Todo está en su punto, las líneas, las figuras y las formas, la proporción y la perspectiva. Cada pincelada tiene su valor y cada color resulta indispensable para completar y perfeccionar la obra. Lo mismo sucede con la madurez. Es armonía y proporción, es combinación e integración de cualidades humanas muy diversas en un conjunto orgánico: voluntad, intelecto, emociones, memoria e imaginación; todas las facultades de una persona humana. Pero no basta que estén presentes todos estos elementos; tiene que haber un orden y una armonía entre ellos. Sobre la paleta del artista descansan todos los colores, pero no por eso forman una obra de arte. Esta armonía se traduce en la correspondencia perfecta entre lo que uno es y lo que uno profesa ser, y su expresión más convincente es la fidelidad a los propios compromisos. En una persona madura no hay lugar ni para la hipocresía ni para la insinceridad. Así como una manzana madura es “más manzana”, así una persona es más humana cuando alcanza la madurez. Pero a diferencia de lo que ocurre con las manzanas y las demás creaturas, el hombre es capaz de reflexionar sobre su naturaleza y de escoger libremente entre vivir o no de acuerdo con lo que debería ser como persona humana. De este modo, la madurez consiste en la conformidad entre el modo como vivimos y nuestra verdadera naturaleza.
Entre otras cosas, esto implica aceptar el propio estado de vida y actuar con coherencia. Una persona casada madura vive de acuerdo con la naturaleza del estado matrimonial; no se comporta como si fuera soltera -llevando una vida social más activa, quedándose en el trabajo hasta altas horas de la noche, viajando cuando se le ocurre...-. A partir de la boda, sus costumbres y pasatiempos, sus relaciones con los demás y el uso de su tiempo libre tendrán que regirse por el compromiso que libremente ha asumido ante Dios, ante los demás y ante sí mismo. Lo contrario sería vivir en la mentira: decir que se es casado pero comportarse como un soltero.
Madurez significa aceptar las alegrías y las dificultades que conllevan las propias decisiones, como hacen los esposos el día de su boda: “En la prosperidad y en la adversidad, en la riqueza y en la pobreza, en la salud y en la enfermedad, hasta que la muerte nos separe”. Las personas maduras son capaces de comprometerse sin temor, porque son dueñas de sí mismas y no esclavas de las mudables circunstancias.

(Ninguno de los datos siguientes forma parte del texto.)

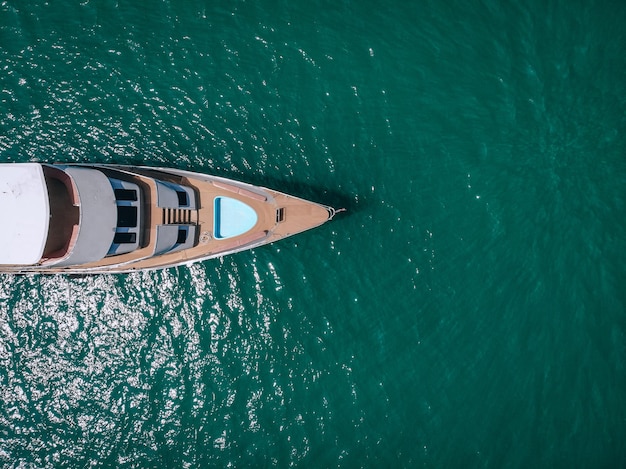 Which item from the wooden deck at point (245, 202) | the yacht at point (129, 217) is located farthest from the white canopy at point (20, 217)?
the wooden deck at point (245, 202)

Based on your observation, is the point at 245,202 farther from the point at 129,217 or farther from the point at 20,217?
the point at 20,217

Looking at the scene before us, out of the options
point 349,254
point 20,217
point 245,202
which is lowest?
point 349,254

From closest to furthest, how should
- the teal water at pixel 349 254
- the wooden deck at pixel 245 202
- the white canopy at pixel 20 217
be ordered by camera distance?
the white canopy at pixel 20 217 → the wooden deck at pixel 245 202 → the teal water at pixel 349 254

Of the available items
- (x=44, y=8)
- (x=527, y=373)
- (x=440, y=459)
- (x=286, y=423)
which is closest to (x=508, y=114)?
(x=527, y=373)

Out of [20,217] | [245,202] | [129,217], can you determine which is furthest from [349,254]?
[20,217]

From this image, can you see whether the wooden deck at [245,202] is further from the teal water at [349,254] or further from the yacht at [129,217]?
the teal water at [349,254]

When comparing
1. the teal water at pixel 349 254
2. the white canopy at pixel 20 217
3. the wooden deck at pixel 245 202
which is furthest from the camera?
the teal water at pixel 349 254

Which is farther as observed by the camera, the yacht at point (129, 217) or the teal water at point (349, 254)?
the teal water at point (349, 254) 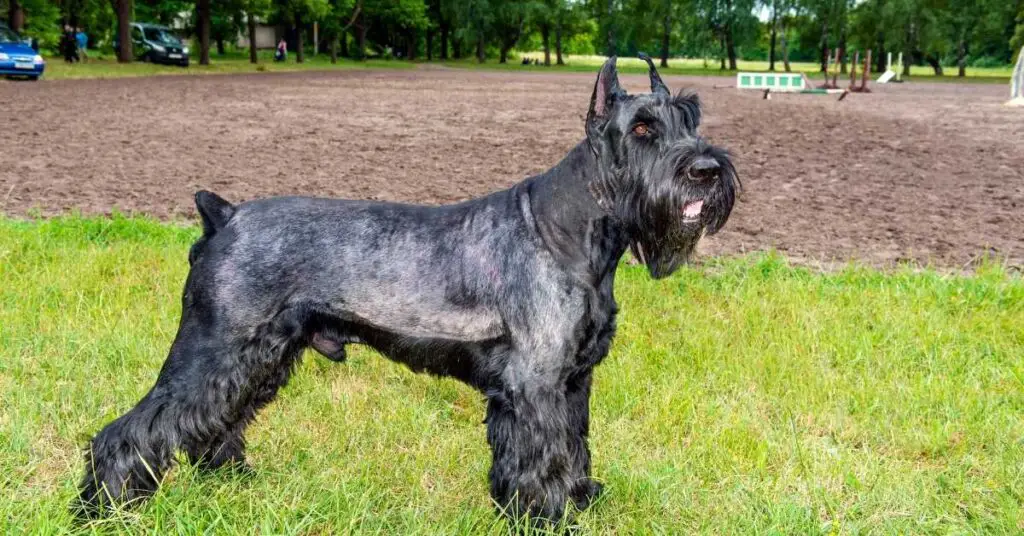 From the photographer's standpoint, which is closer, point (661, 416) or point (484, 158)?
point (661, 416)

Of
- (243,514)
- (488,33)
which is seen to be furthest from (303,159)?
A: (488,33)

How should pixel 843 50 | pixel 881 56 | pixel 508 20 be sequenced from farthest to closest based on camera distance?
pixel 843 50, pixel 508 20, pixel 881 56

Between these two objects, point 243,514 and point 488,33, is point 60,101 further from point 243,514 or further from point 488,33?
point 488,33

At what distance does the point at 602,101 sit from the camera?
3.98m

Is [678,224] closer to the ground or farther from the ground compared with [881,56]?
closer to the ground

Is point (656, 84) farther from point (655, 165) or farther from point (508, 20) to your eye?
point (508, 20)

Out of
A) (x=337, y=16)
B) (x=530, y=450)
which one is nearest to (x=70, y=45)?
(x=337, y=16)

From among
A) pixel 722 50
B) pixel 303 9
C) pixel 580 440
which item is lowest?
pixel 580 440

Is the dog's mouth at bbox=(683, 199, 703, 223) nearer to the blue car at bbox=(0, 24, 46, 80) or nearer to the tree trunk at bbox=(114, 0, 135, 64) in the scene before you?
the blue car at bbox=(0, 24, 46, 80)

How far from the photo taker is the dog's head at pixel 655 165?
3783 mm

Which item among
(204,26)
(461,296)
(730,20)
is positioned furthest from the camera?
(730,20)

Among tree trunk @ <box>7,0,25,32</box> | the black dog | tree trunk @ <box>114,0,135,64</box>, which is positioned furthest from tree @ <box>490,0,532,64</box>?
the black dog

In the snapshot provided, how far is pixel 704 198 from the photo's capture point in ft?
12.7

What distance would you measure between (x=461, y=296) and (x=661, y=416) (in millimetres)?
1944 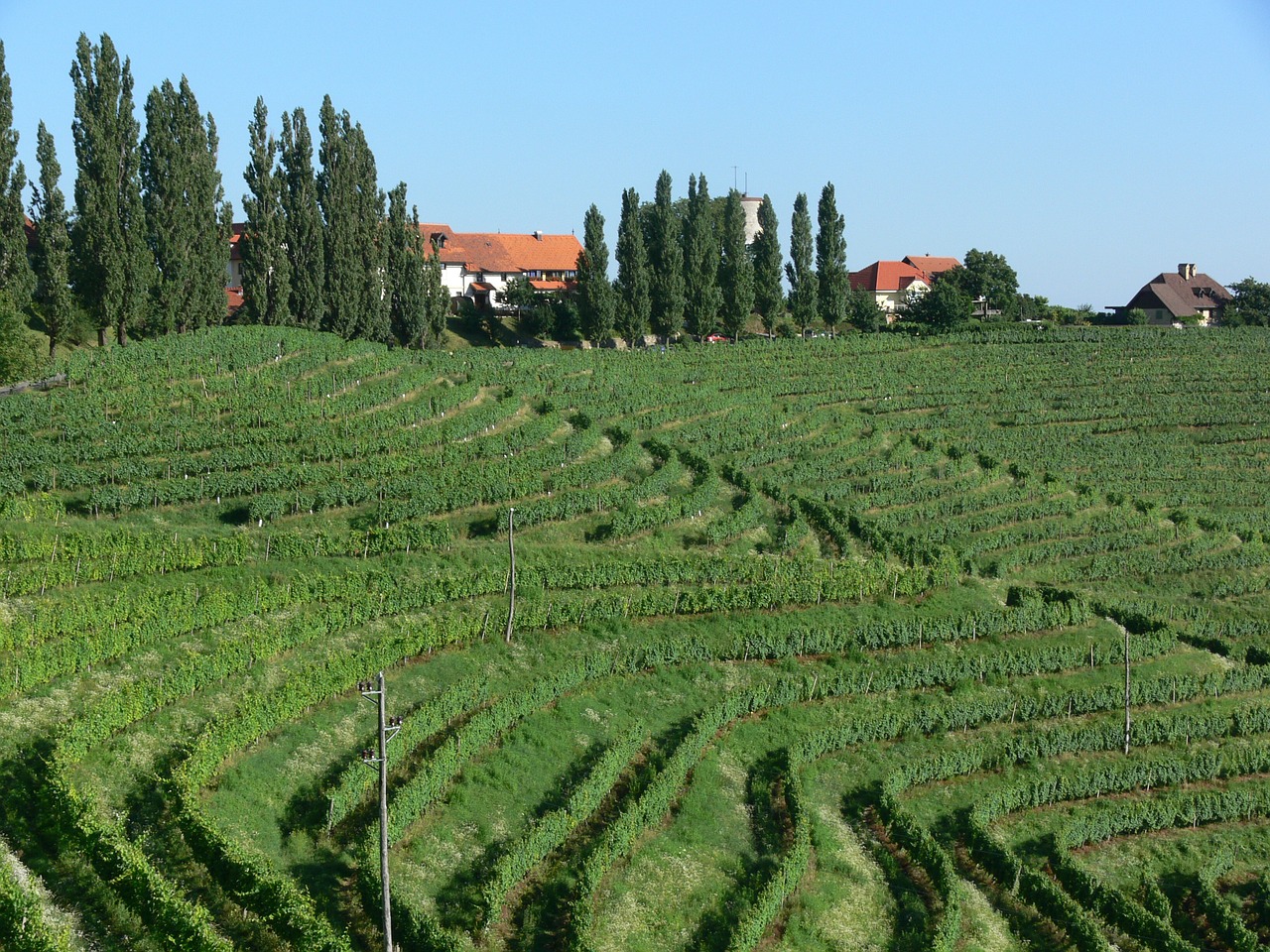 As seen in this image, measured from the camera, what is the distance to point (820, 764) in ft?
129

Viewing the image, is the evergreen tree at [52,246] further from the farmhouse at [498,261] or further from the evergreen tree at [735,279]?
the evergreen tree at [735,279]

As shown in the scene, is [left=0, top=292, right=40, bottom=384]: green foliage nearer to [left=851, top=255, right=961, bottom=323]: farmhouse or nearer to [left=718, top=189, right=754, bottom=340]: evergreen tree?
[left=718, top=189, right=754, bottom=340]: evergreen tree

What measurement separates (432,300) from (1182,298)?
7532cm

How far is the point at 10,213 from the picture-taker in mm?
62781

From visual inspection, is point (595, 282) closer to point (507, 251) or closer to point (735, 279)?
point (735, 279)

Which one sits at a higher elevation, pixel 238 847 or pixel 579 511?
pixel 579 511

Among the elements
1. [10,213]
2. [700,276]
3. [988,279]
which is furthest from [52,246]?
[988,279]

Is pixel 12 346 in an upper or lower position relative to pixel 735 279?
lower

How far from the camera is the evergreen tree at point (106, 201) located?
2463 inches

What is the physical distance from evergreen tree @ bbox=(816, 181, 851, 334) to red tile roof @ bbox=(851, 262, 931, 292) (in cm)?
2379

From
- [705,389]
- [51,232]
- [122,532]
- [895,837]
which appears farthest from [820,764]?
[51,232]

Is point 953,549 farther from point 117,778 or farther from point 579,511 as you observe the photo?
point 117,778

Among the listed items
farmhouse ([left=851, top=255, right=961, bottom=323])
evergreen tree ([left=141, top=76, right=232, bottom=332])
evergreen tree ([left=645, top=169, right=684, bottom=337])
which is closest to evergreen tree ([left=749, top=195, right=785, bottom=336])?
Answer: evergreen tree ([left=645, top=169, right=684, bottom=337])

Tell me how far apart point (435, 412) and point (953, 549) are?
24906 millimetres
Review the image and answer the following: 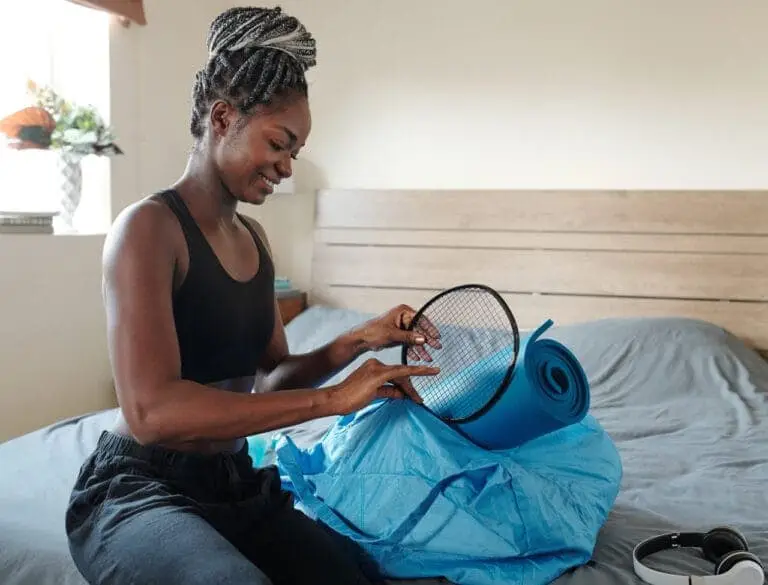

El famoso psiquiatra y escritor español Enrique Rojas publicó en 1992 un libro titulado El hombre light, en el que compara la oleada de productos “light” que invadió el mercado en la década de los años 80 -Coca Cola sin cafeína, cerveza sin alcohol, margarina sin grasa, y edulcorantes sin azúcar- con un nuevo tipo de persona que carece de substancia, que es sólo apariencia, máscara, sin nada por dentro. Lo “light” está de moda, y con ello toda una forma nueva de ver la vida: todo light, flojo, reducido, aguado, vacío de contenido.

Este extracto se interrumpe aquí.